Cash flow from operations was $48.7 million in the fourth quarter. Net interest expense increased $0.9 million primarily due to higher average outstanding borrowings compared to last year.  The effective income tax rate was 27.5% versus 36.4% a year ago. During the fourth quarter, the Company recorded a net $2.3 million ($0.05 per diluted share) tax benefit, which was primarily the result of a favorable settlement concerning allowable tax credits on the Company’s fiscal year 2007 through 2009 federal income tax returns. During fiscal year 2012, the Company expects its effective income tax rate to be approximately 35%.

 

In April 2011, the Company entered into a new, senior $400 million unsecured revolving credit facility.

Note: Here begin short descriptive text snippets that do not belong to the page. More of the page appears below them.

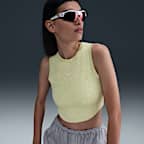 Nike Sportswear Chill Knit Women's Tight Cropped Mini-Rib Tank Top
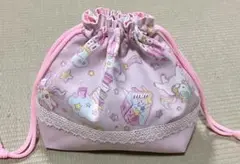 保温保冷お弁当袋　ハンドメイド　ユニコーン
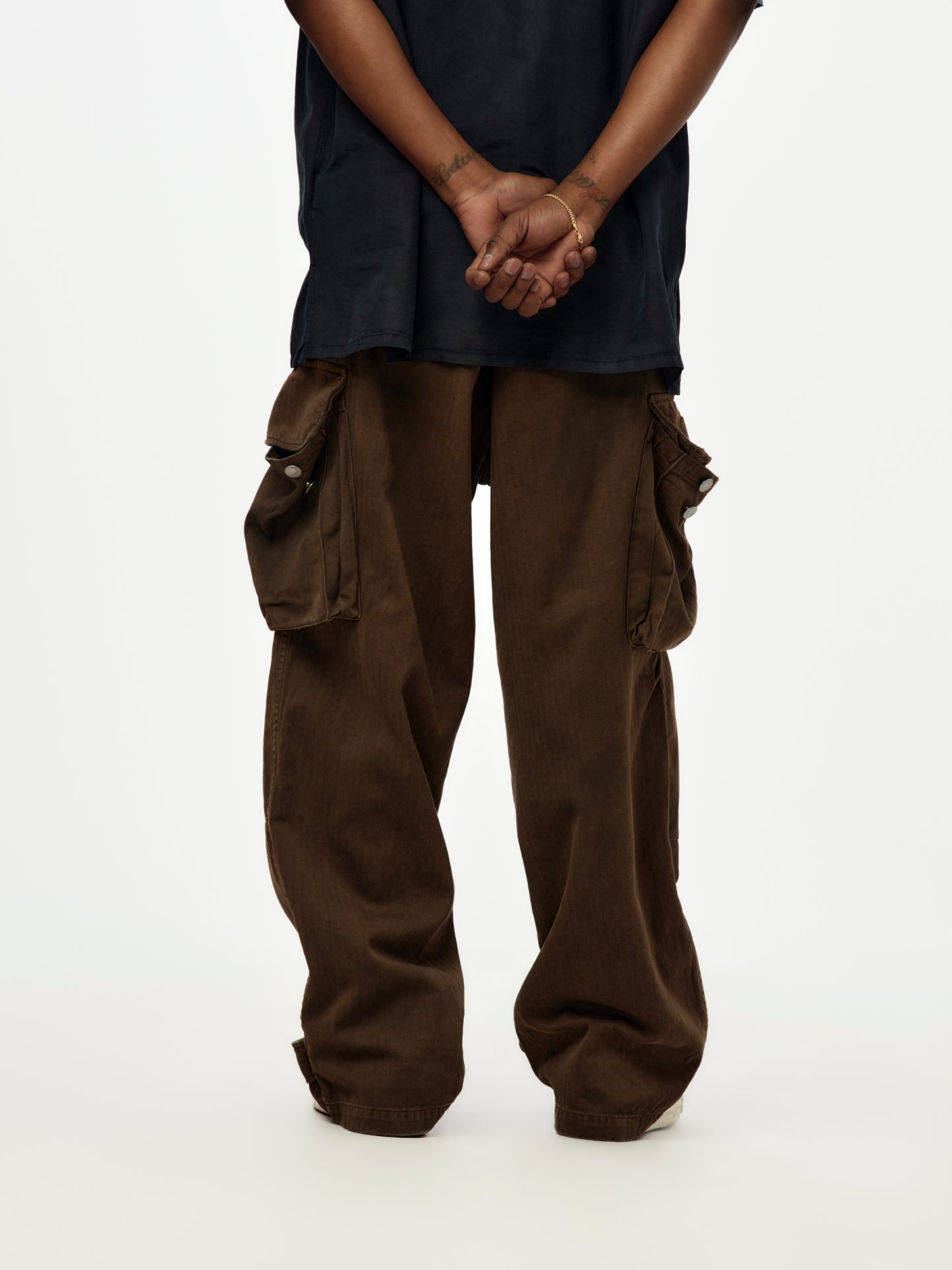 Vintage FA HBT M-47 Pants (BROWN) (SIS)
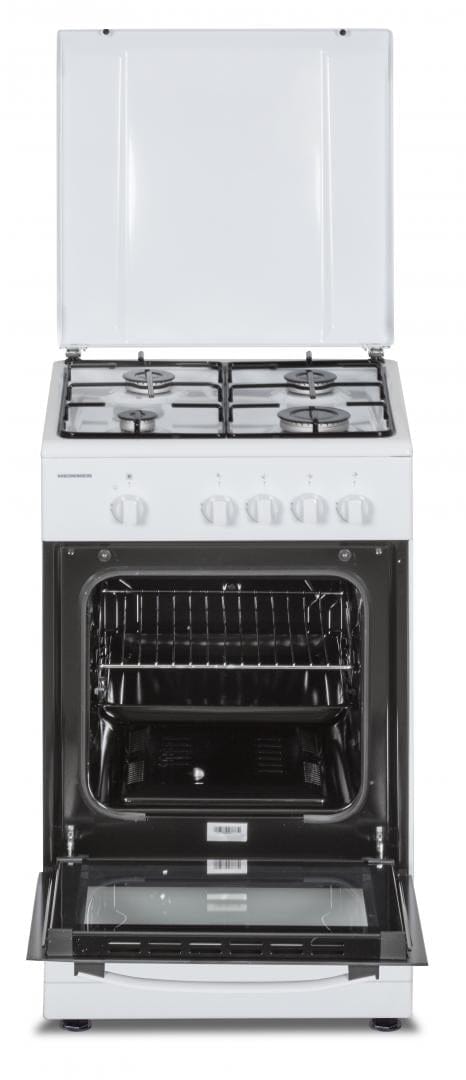Heinner Aragaz Aragaz Heinner HFSC-SME50WH | 50cm, 4 Arzatoare Gaz, Alb, 49.8x50x85cm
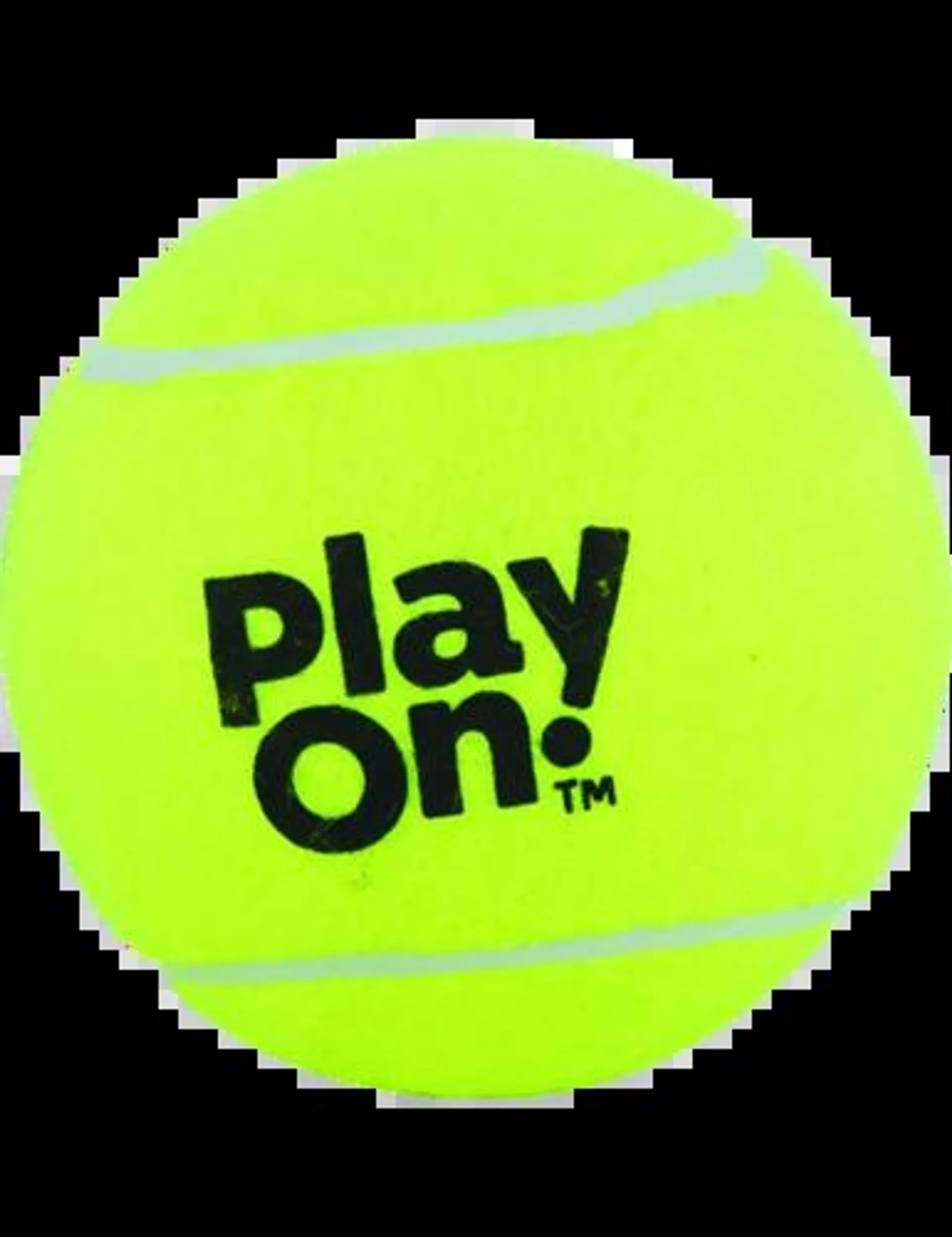 Play On Dog Toy, Tuff Tennis Ball, Unscented, 4 Inches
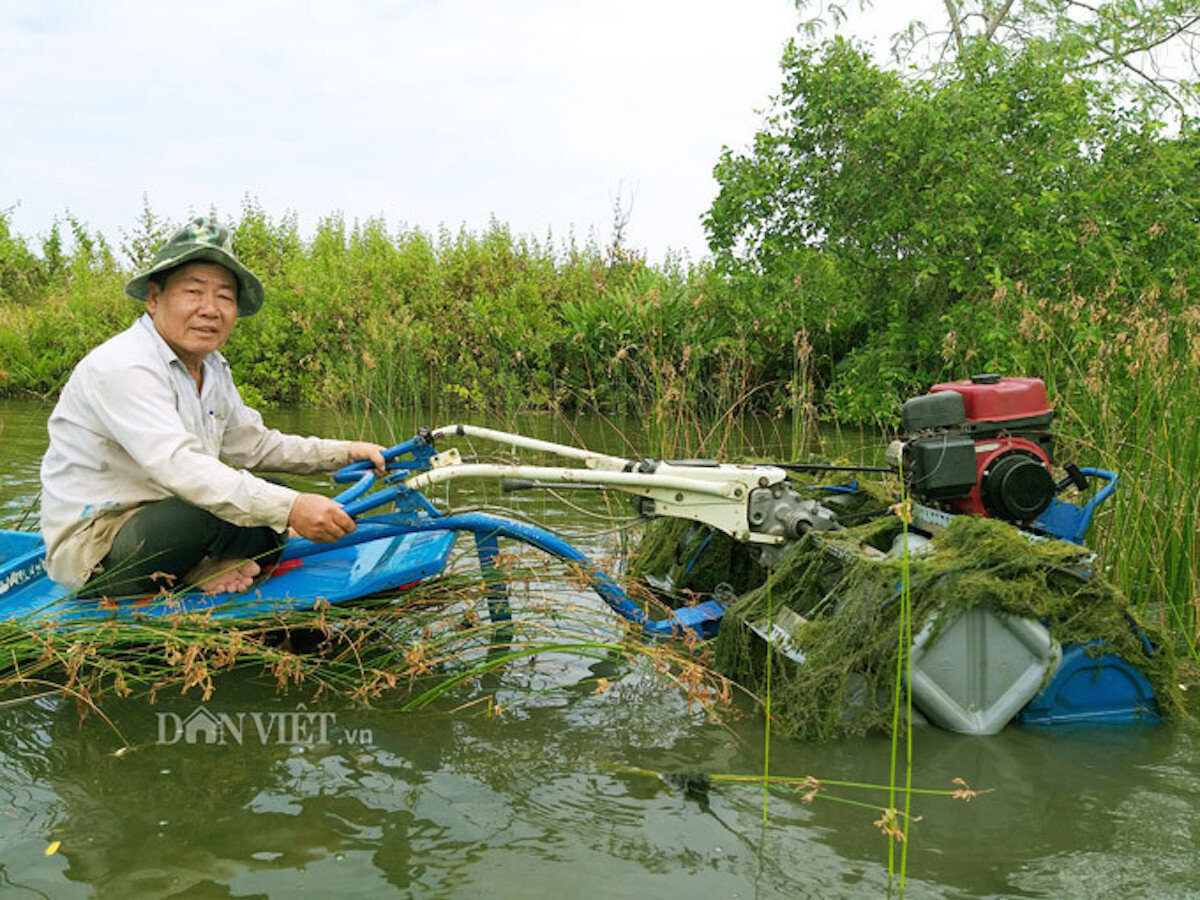 Cà Mau: Một ông nông dân sáng chế máy cày siêu nhẹ &quot;bơi&quot; như cá, hơn hẳn máy Nga, máy Trung Quốc - Ảnh 3.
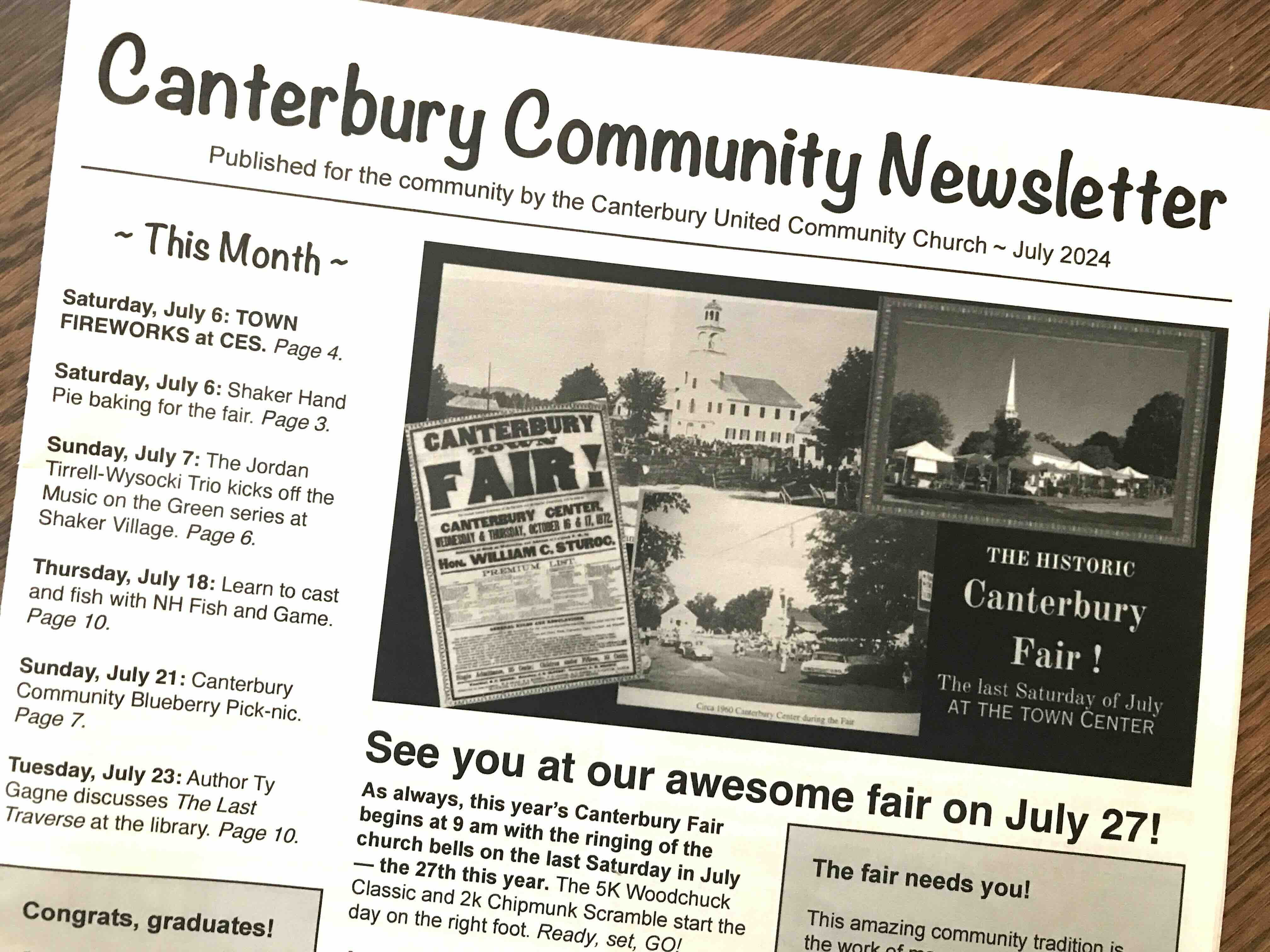 A Change In The Newsletter Printing Schedule And A Welcome To Our New a-change-in-the-newsletter-printing-schedule-and-a-welcome-to-our-new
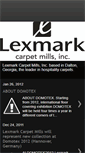 Mobile Screenshot of lexmarkcarpetmills.blogspot.com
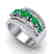 2.25 CTW Emerald & Micro Pave VS/SI Diamond Designer - 2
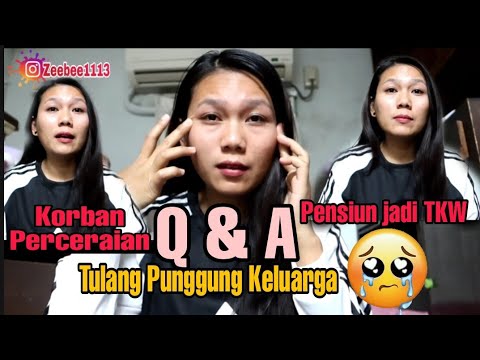 Q n A MENJAWAB PERTANYAAN NETIZEN || CERITA TKW TAIWAN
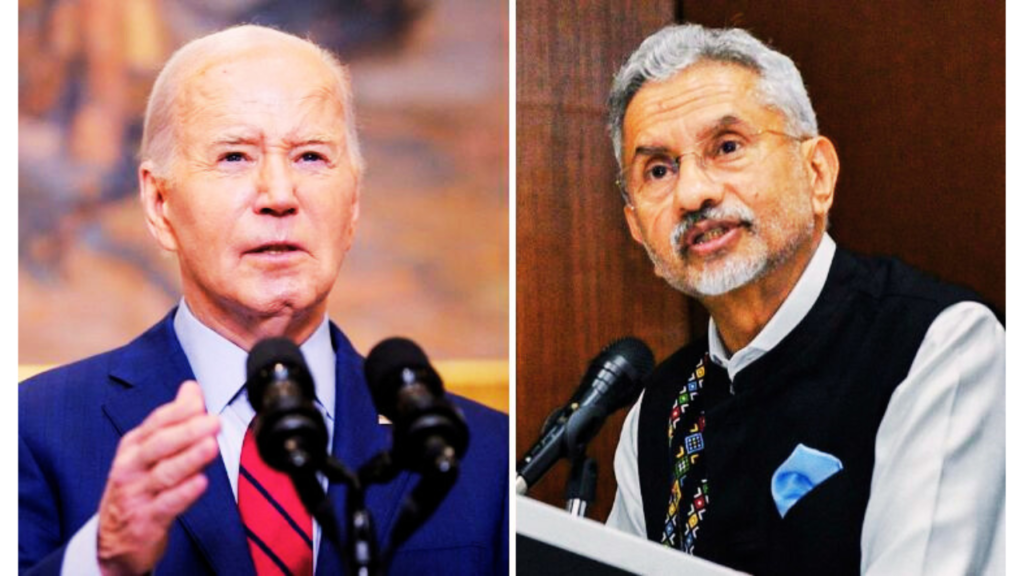 S Jaishankar on Biden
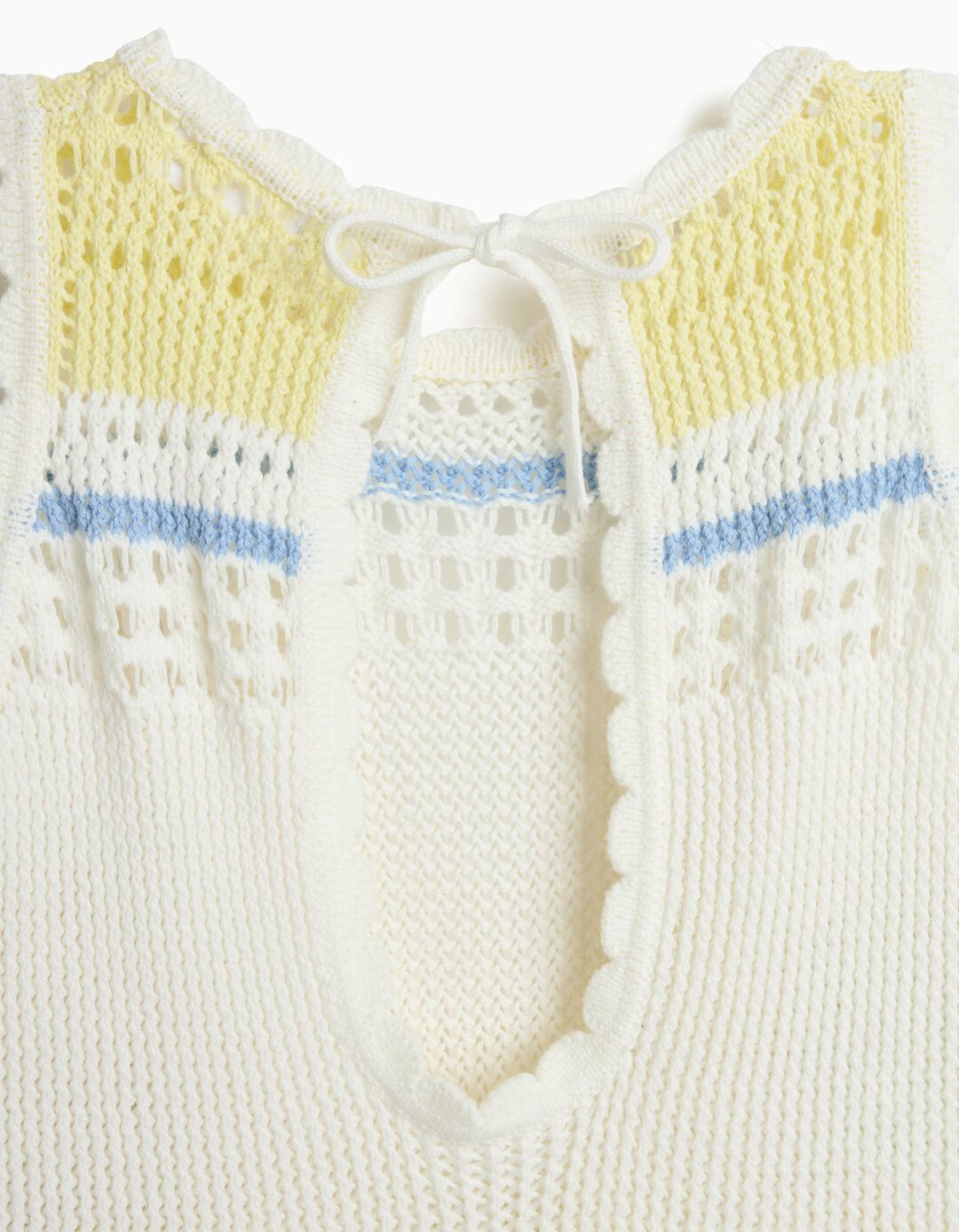 Vestido Crochet, Menina, Amarelo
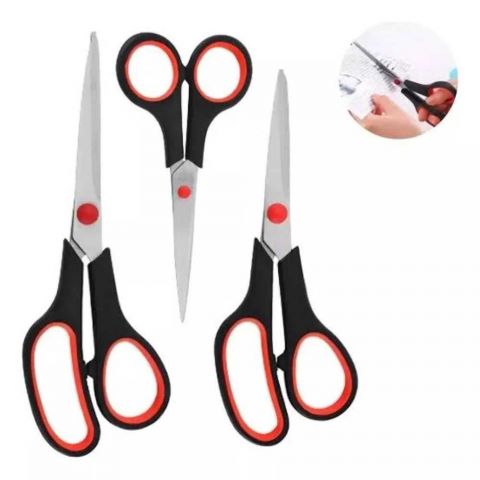 Tesoura Multiuso 5,5 - 7,5 - 8,5" Com 3 Pecas - Luatek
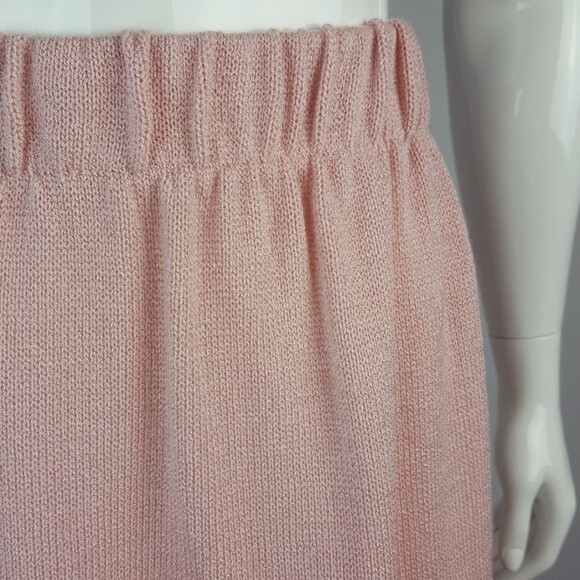 Vintage 80's San Remo Pink Knit Pencil Skirt - Picture 7 of 9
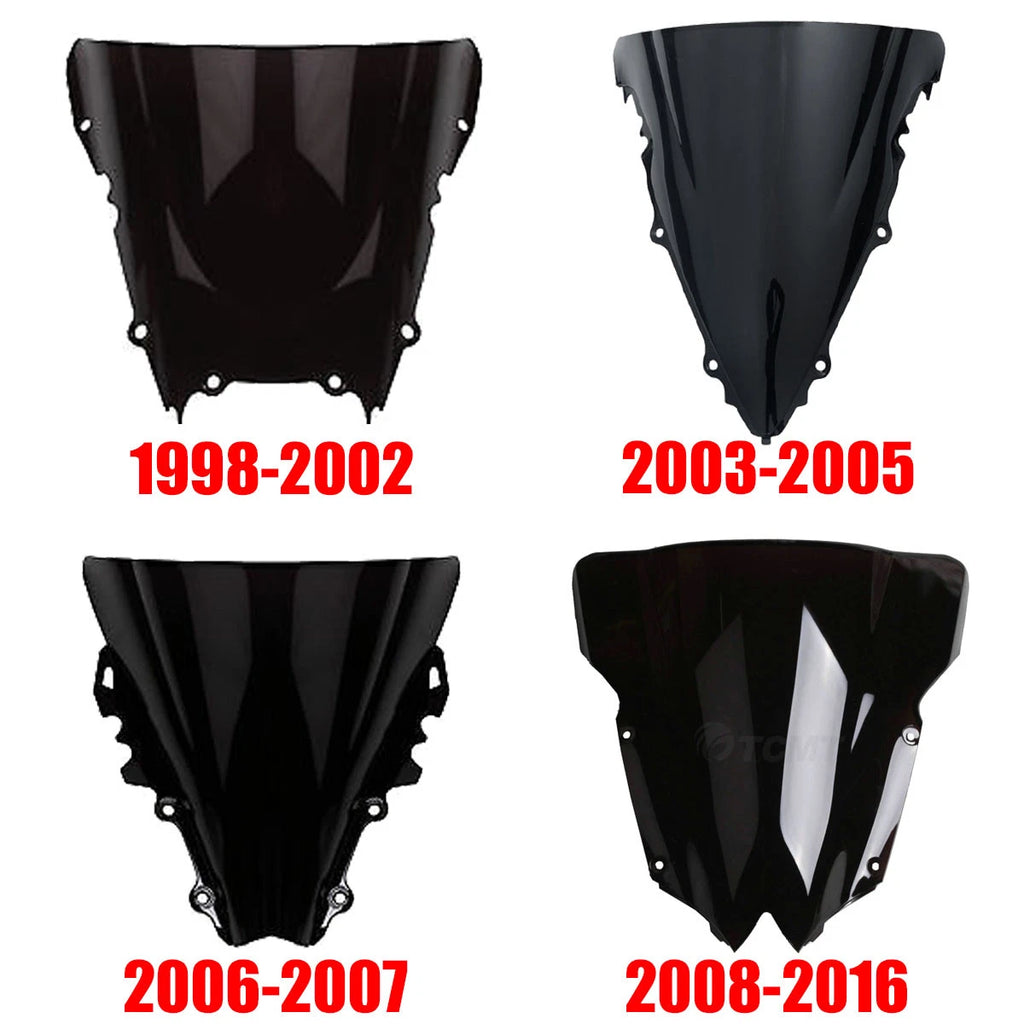 Dual Bubble Windshield for Yamaha YZF R6 (1998–2016)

This agreement replaces the previous $250 million unsecured revolving credit facility. In addition, based on a detailed review of the Company’s outlook, the Board of Directors approved a $0.075 per share quarterly cash dividend at its April 2011 meeting.

 

Storch concluded, “We enter the new fiscal year with momentum, bolstered by recently announced contract wins, including the multi-year distribution agreement with Unison and a new contract for additional fixed-wing aircraft in support of USTRANSCOM. We continue to see positive trends in the commercial air transportation markets and although we are expecting cuts in the U.S. Department of Defense budgets, we believe the products and services we supply will be less susceptible to budget reductions.”

 

AAR is a leading provider of products and value-added services to the worldwide aerospace and government and defense industries.  With facilities and sales locations around the world, AAR uses its close-to-the-customer business model to serve aviation and government and defense customers through four operating segments: Aviation Supply Chain; Government and Defense Services; Maintenance, Repair and Overhaul; and Structures and Systems. More information can be found at www.aarcorp.com.

 

AAR will hold its quarterly conference call at 7:30 a.m. CDT on July 7, 2011. The conference call can be accessed by calling 866-206-6900 from inside the U.S. or 703-639-1110 from outside the U.S.  A replay of the call will be available by calling 888-266-2081 from inside the U.S. or 703-925-2533 from outside the U.S. (access code 1539530) from 11:30 a.m. CDT on July 7, 2011 until 11:59 p.m. CDT on July 14, 2011.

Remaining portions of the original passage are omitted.